::: TASK DATA :::

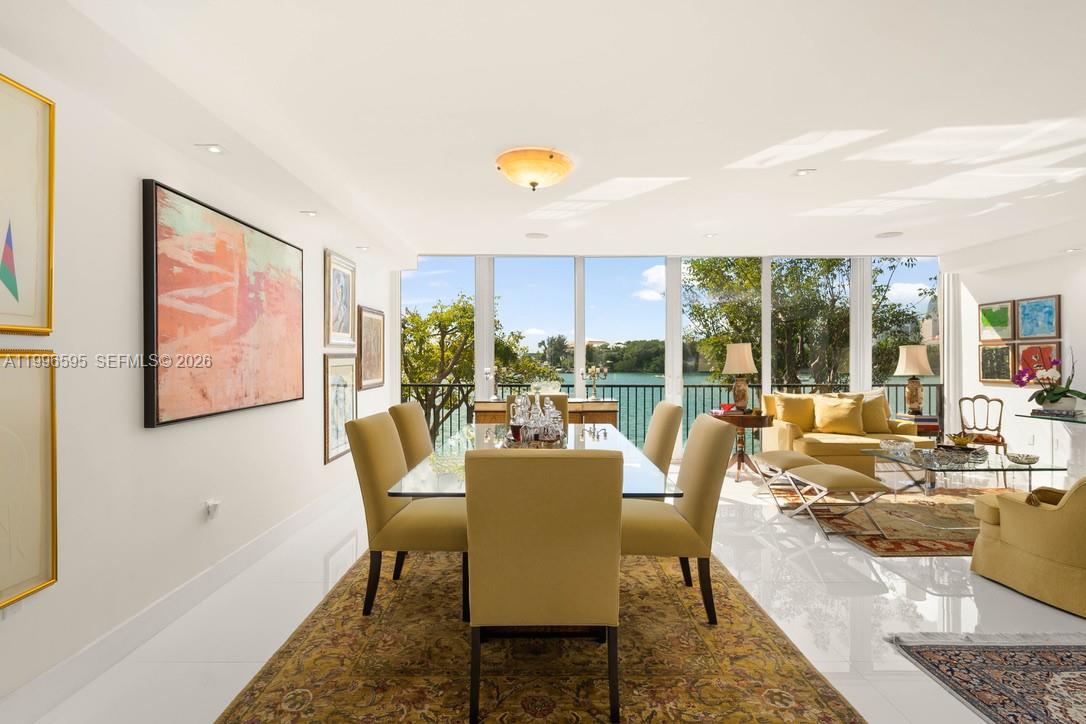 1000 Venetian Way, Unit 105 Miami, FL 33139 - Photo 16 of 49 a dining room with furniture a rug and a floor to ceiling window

:::
::: TASK DATA :::

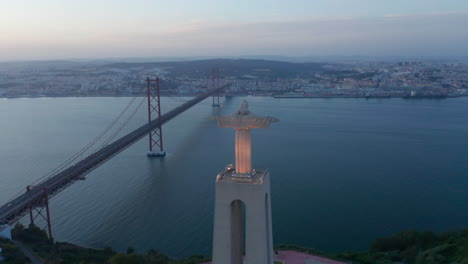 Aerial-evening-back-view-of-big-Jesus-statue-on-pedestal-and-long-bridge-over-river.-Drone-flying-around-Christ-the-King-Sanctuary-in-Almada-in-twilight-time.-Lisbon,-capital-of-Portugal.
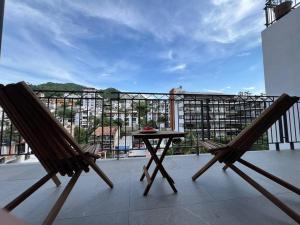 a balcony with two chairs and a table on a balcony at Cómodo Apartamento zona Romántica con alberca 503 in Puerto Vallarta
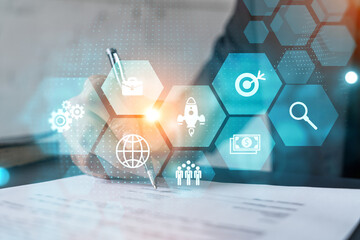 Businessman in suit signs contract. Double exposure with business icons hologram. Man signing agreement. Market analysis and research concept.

:::
::: TASK DATA :::

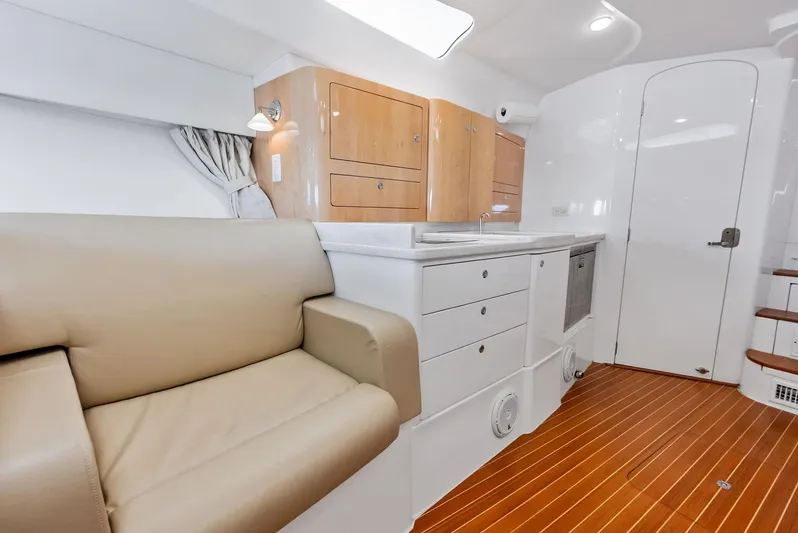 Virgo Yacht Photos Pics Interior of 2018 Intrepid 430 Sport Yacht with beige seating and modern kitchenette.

:::

| WHAT NEEDS TO BE DONE |
Set down exactly the lines above, from the line containing "a balcony with" through the line containing "Businessman in suit". Skip the pictures.

| EXERCISE ANSWER |
 a balcony with two chairs and a table on a balcony at Cómodo Apartamento zona Romántica con alberca 503 in Puerto Vallarta
 Businessman in suit signs contract. Double exposure with business icons hologram. Man signing agreement. Market analysis and research concept.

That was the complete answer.